Often accompanied by great violence and suffering but justified in the name of a glorious future, revolution is the paradoxical emergence of a new order from the chaotic disintegration of an older one. Notwithstanding the many philosophical musings on the subject, the simplest and most ostensible trigger behind revolution is the intense desire of the masses for a change.

While necessary, this desire for radical change in society is not a sufficient condition for revolution. Indeed, a failure to see this distinction opens the field to the shenanigans of political charlatans and pseudo-visionaries, trivialising the notion of revolution for the sake of political expediency. Recent events in our country are a case in point.

In fact, it is widely observed that revolutions – in the classical sense of the ‘great revolutions’ of the past – are no longer tenable. The world as it stands today is a product of revolutionary changes in information technology and its lethal use as a tool to wield ruthless power.
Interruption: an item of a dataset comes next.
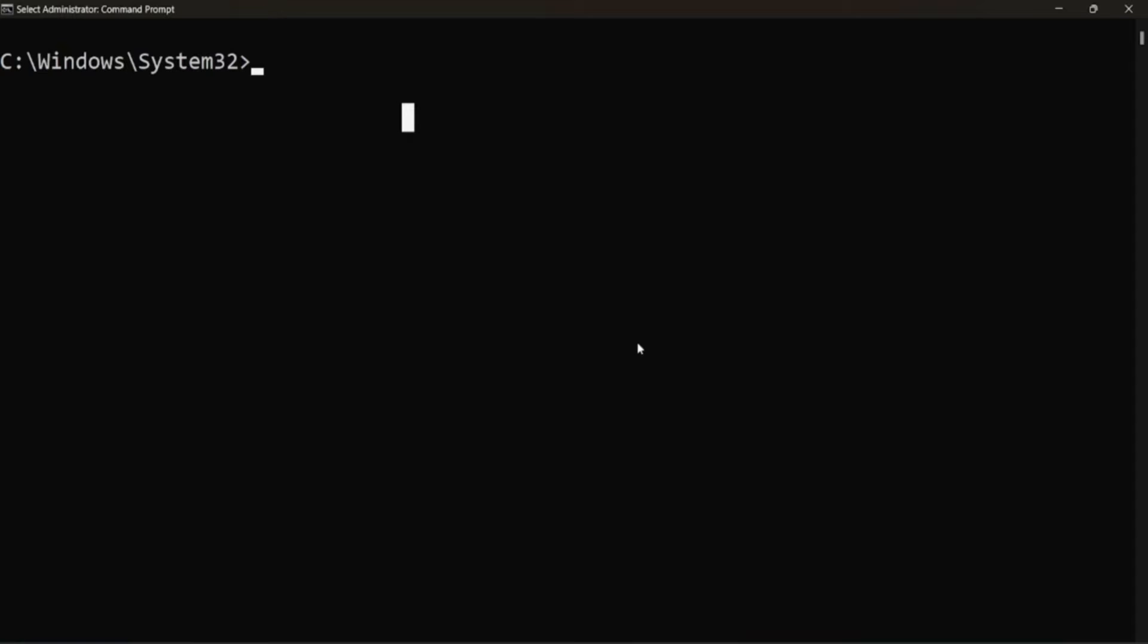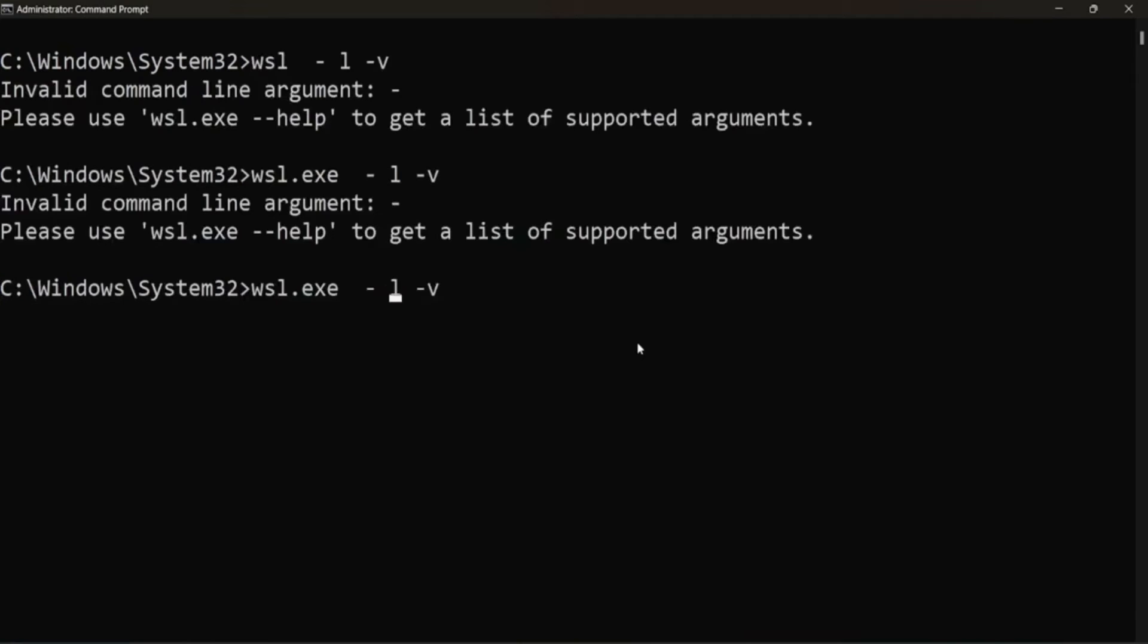So in order to restart, we are going to use one simple command that we are going to run from command prompt using administrator privileges. And it will work in order to restart our distribution. So let's begin.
This ‘grand digital narrative’ has given rise to unprecedented forms of ‘hypercolonialism’ — a new management of global space and time, and a remodelling of the dialectics of ‘us’ and ‘them’.

What sort of ‘revolutionary change’ should Pakistan aspire to at this juncture, when, like most other Muslim countries, it has failed to evolve a creative and productive relationship with Western modernity?
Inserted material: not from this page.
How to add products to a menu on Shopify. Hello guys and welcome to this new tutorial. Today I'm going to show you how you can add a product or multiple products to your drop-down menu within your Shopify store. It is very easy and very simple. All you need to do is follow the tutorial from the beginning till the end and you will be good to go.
The establishment of a renewed relationship – not emotively charged with revolutionary cadence but profoundly transformative still – is the regeneration Pakistan currently requires.

For this to happen, however, the very concept of revolution will have to be revolutionised by liberating society’s creative and cognitive potential and by evolving the indigenous production of knowledge and rewiring our relation between the ‘word and the world.’

Mirza Athar Baig is a writer and teacher of philosophy at Government College Lahore.